What We Treat

Calcaneal Apophysitis Treatment in Dubai

Sever’s disease is a frequent cause of heel pain in children. The condition is characterized by inflammation of the growth plate in the heel bone (calcaneus) and typically occurs in late childhood or adolescence. Young athletes are particularly susceptible, especially those who play sports that involve a lot of running, like soccer, football or basketball.

Causes of Sever’s Disease

Roughly between the ages of 6 and 16, the heel bone is separated into two parts by a soft cartilaginous growth plate (secondary ossification center). This tissue is located at the back of the heel and is the Achilles tendon’s insertion. The bottom part of the heel growth plate serves as the attachment of the plantar fascia (the most important ligament of the plantar arch). In Sever’s disease, the Achilles tendon and plantar fascia both pull on the heel as if engaging in a tug of war.

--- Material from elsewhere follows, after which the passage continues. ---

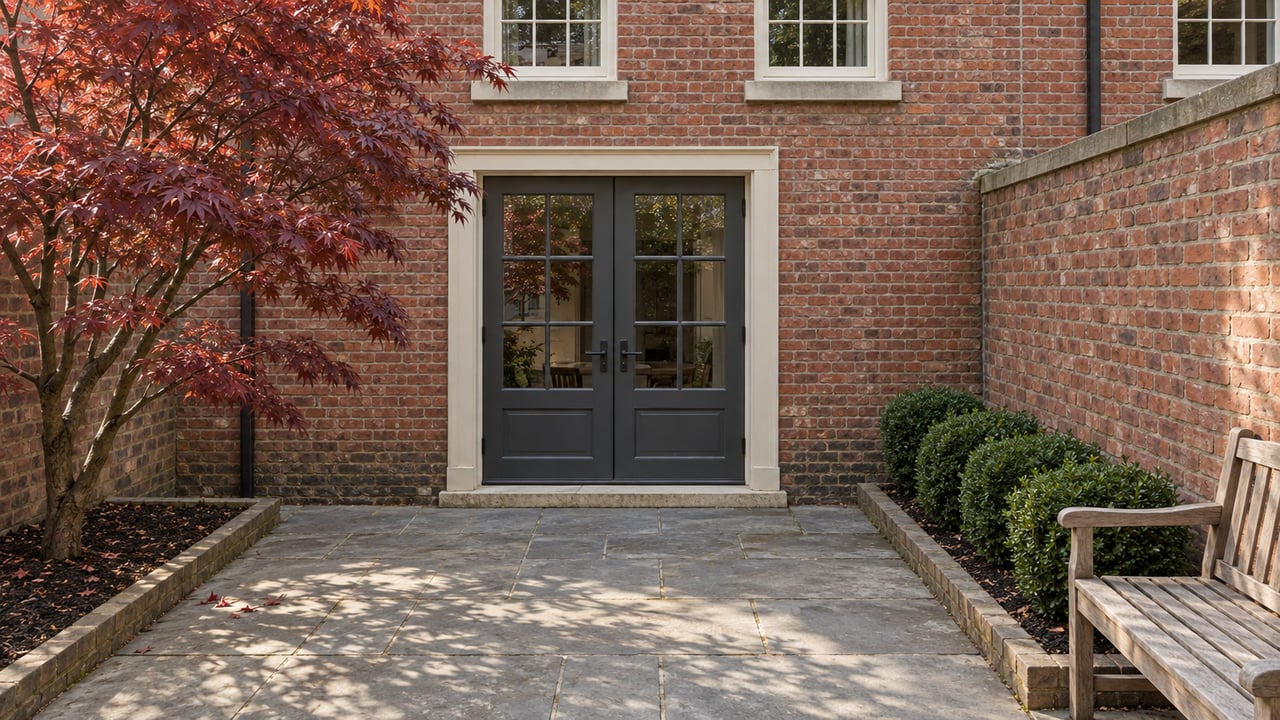 Elevated view of an enclosed brick townhouse garden with limestone paving, paired charcoal French doors, a burgundy Japanese maple and a low boxwood hedge.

When excessive tension and stress occur at the junction of the two bony portions of the heel, the growth plate experiences inflammation and symptoms associated with Sever’s disease may emerge. Thus, any condition that causes excessive stretching of either the Achilles tendon or the plantar fascia can trigger Sever’s disease. Excessive tension at this site can often be attributed to poor foot mechanics or structural problems of the feet that lead to faulty movement or abnormal gait.

Aggravating Factors

  • Improper exercise technique and overtraining
  • Sports that involve a lot of running, sharp turns or jumping
  • Unsuitable footwear
  • Being overweight
  • Rapid growth spurts


Finally, if the cause of the problem is not addressed, the condition can evolve from Sever’s disease into Achilles tendonitis or plantar fasciitis.

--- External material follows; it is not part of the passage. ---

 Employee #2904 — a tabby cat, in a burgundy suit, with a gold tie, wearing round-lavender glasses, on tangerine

Treatments for Sever’s Disease

Plantar orthotics:

Plantar orthotics are necessary when biomechanical factors are at fault. These devices optimize the child’s foot mechanics and reduce excessive tension at the growth plate caused by the plantar fascia and the Achilles tendon. Plantar orthotics speed up healing, help prevent recurrence and Sever’s disease facilitate the continuation of sports activities.

Physical therapy:

  • Taping: Therapeutic tape is used on the foot and leg to temporarily relieve tension at the growth plate caused by the plantar fascia and the Achilles tendon.
  • Manipulative therapy: Gently mobilizes the bones and joints of the foot to help them realign and to reduce swelling.


Stretching exercises:

The podiatrist may recommend specific exercises to help improve the patient’s condition.


  • If the child already wears prescribed orthotics, they must continue wearing them daily for preventive purposes.
  • Act at the first sign of pain to prevent long-term problems
  • The child should warm up well before doing physical exercise.
  • After exercising, it’s important to stretch the calves and the backs of the legs.
  • Children should vary their sports activities and schedule rest days.
  • Avoid shoes that are very flat and lack cushioning at the heel.


Biomechanical Assessment

Biomechanical assessment is a process used by podiatrists as a way of analyzing the function of the foot and lower limb, to determine any contributing factors to foot pain or injury.

The podiatrists will look at the lower limb and associated structures singularly, and as a whole and will assess the structure and function of your lower limb when non-weight bearing, standing and whilst walking.

They will maneuver the joints to look at their quality and range of motion. They will assess soft tissues for any weakness or wasting.

Your podiatrist will be looking at the different angles of each structure in relation to each other and determine any asymmetries. A gait analysis may be performed, and it involves you walking on a treadmill whilst being video recorded.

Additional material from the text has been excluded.